L'ex attacamte viola campione del mondo vanta inoltre il primato di non essere mai stato né ammonito né espulso.

E' proprio grazie al rendimento di questo grande campione e del suo compagno di reparto e di nazionale Diamanti che i ragazzi di Mister Pioli hanno costruito punto dopo punto questa classifica finalmente più tranquillizzante.

Per quanto riguarda il centrocampo spicca su tutti il rendimento dell'inesauribile Perez con una infinità di palloni recuperati, 19,4 a partita ma anche tanto, tanto possesso palla, due passaggi riusciti su tre e poche meno palle perse della stagione passata (16,3), insomma tanta quantità e qualità in quella zona del campo dove si decidono le partite.

Il rossoblu più determinante statistiche alla mano per il reparto arretrato è Frederik Sorensen in particolare per le medie di palle recuperate e di passaggi utili per partita,.

Nella graduatoria dei giocatori rossoblu che hanno invece ricevuto il maggior numero di cartellini si deve ricordare che solo 4 sono stati gli espulsi quest'anno ossia Morleo, Taider, Guarente e Perez.

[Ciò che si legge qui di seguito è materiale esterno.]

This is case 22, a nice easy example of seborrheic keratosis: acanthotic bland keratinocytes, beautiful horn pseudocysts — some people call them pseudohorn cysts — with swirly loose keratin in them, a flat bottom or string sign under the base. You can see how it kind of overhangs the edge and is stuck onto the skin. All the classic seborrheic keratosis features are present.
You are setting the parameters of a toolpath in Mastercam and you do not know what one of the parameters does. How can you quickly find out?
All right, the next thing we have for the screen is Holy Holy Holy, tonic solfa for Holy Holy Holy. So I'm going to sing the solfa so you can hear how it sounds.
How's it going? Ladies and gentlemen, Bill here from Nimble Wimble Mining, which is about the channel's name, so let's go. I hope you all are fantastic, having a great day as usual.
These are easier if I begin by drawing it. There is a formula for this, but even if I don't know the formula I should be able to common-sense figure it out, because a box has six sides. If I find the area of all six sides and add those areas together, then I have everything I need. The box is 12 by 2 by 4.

Quest'ultimo nonostante abbia fatto passi da gigante dal punto di vista disciplinare Rispetto all'anno scorso tuttavia risulta essere anche in qusta stagione il giocatore più sanzionato con 7 cartellini gialli e come detto 1 rosso subito seguito da Diamanti e Kone con otto cartellini gialli a testa.

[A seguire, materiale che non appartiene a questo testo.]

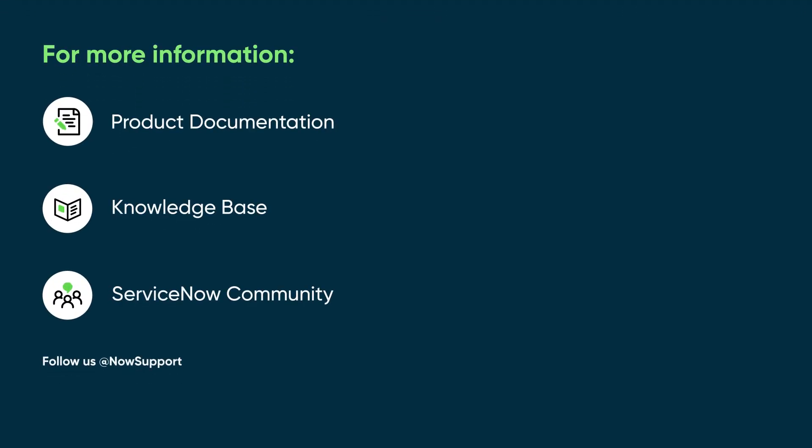For more information, see our product documentation or knowledge base, or ask a question in the ServiceNow Community.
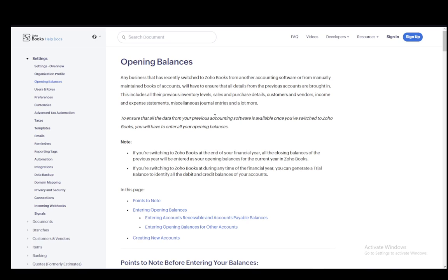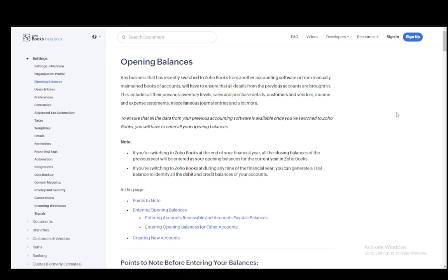If you switch to Zoho Books, you will need to ensure that all details from previous accounts are brought in - that is, previous inventory levels, sales and purchase details, customers and vendors, income and expense statements, miscellaneous journal entries and more, as well as bank statements and other things.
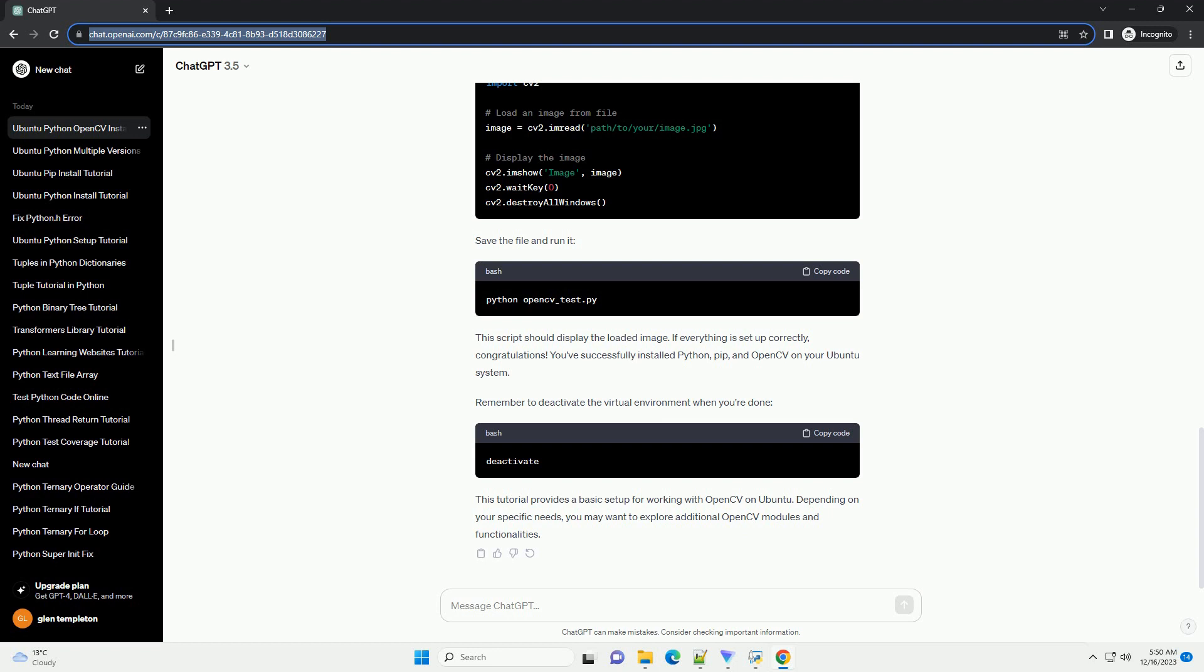Remember to deactivate the virtual environment when you're done. This tutorial provides a basic setup for working with OpenCV on Ubuntu. Depending on your specific needs, you may want to explore additional OpenCV modules and functionalities.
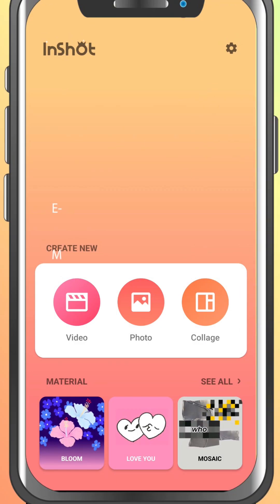In this video, I'll show you how to import videos and photos into InShot so you can get started with your editing project right away.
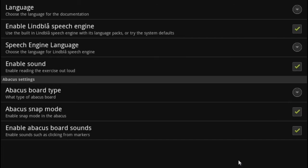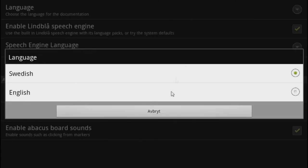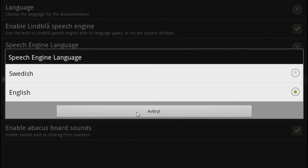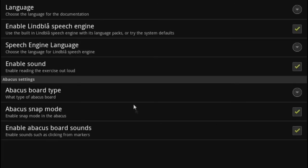In settings, choose the language for the documentation and choose if you want the Lindblow speech engine to read the numbers out loud. If you do, you also choose the language here — English and Swedish are available at the moment. If you want another language, you can choose to enable the sound but disable the Lindblow speech engine.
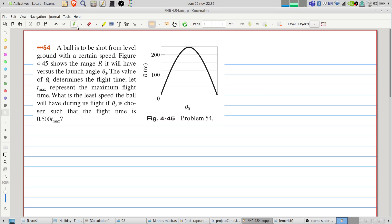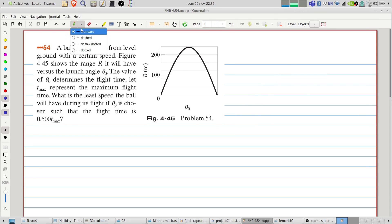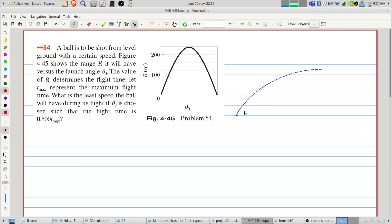Let's start by remembering that the movement of the ball will follow a parabolic trajectory. Here we represent the initial velocity of the ball, V0, and also the launch angle, theta zero.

Dopo questa valanga di numeri solamente un'altro va menzionato ovvero quello degli spettatori dell'ultima gara casalinga contro la capolista, erano infatti 35206 i presenti al Dall’Ara nell'ultimo turno e, nonostante non sia andata per noi nel migliore dei modi mi piacerebbe fosse sempre così viva l'attenzione e la passione di tutti noi bolognesi verso la nostra squadra sia che si venga da tre vittorie che da tre sconfitte.

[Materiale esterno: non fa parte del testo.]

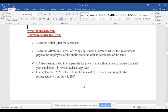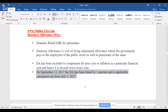The dearness allowance increase will come into effect retrospectively. On September 12, 2017, DA was hiked by one percent and is applicable retrospectively from July 1st, 2017. We are in the month of September, and the decision has been taken now, but it will be calculated from July 1st and given to employees in the next month's salary. DA is revised twice every year.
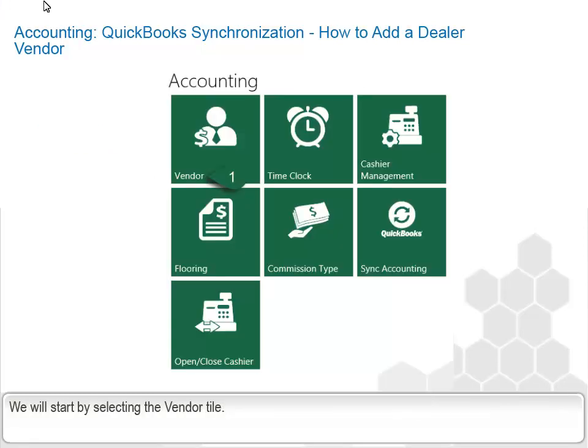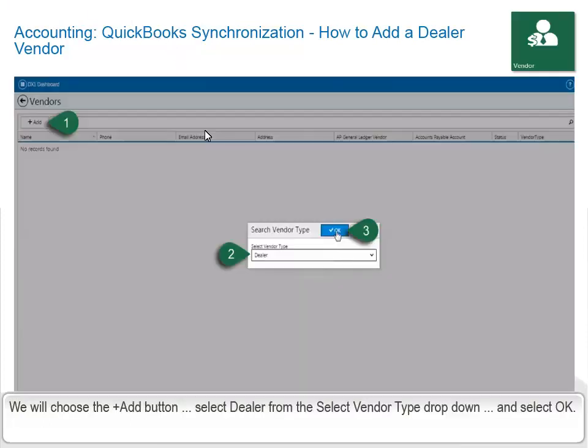We will start by selecting the Vendor tile. We will choose the Add button, select Dealer from the Select Vendor Type drop-down, and select OK.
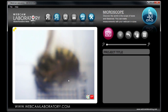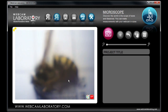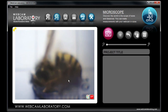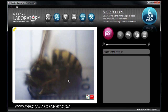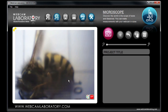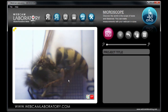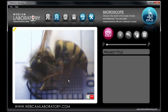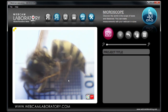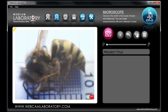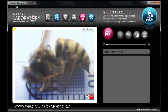Webcam Laboratory comes with a scale sheet. If you print it in its original size, you can place it underneath the object you are examining. Once the picture is adjusted for sharpness, you have two choices: either use the size calibration or the start recording button.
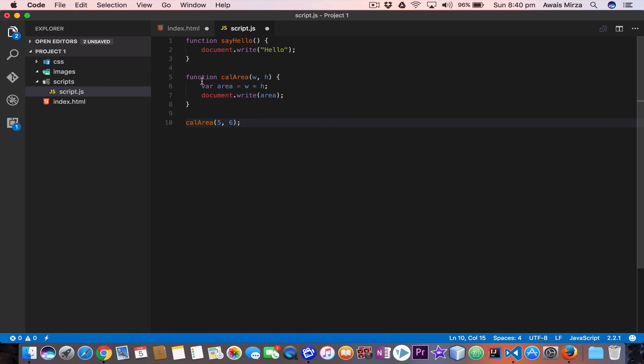Alright, so we got the function done. You can create very complex functions — when I do project-based JavaScript tutorials, we will use functions and make them work. So stay tuned for that. Thanks for watching, and if you have any questions, let me know in the comments below. I'll see you guys in the next one.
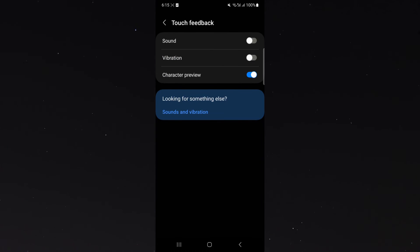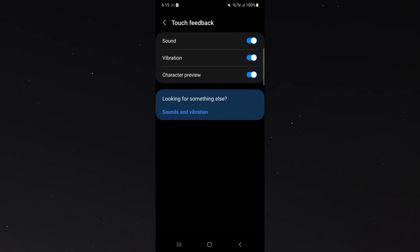From here, what you want to do is enable sound and vibration and that way, every time you type on your keyboard, you're going to get that vibration feedback.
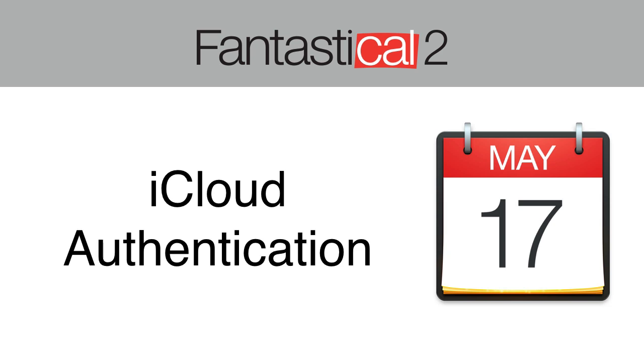In this video, I'm going to show you how to turn on two-factor authentication, and then how to generate an app-specific password for Fantastical.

Certo la riconferma di un valido allenatore come Stefano Pioli non può far altro che tranquillizzare una piazza sfinita dai troppi cambiamenti susseguitisi in questi anni, ma ci auguriamo anche che la società capisca l'importanza di trattenere questi talenti sotto le Due Torri in modo da far avvicinare sempre più la città alla propria squadra.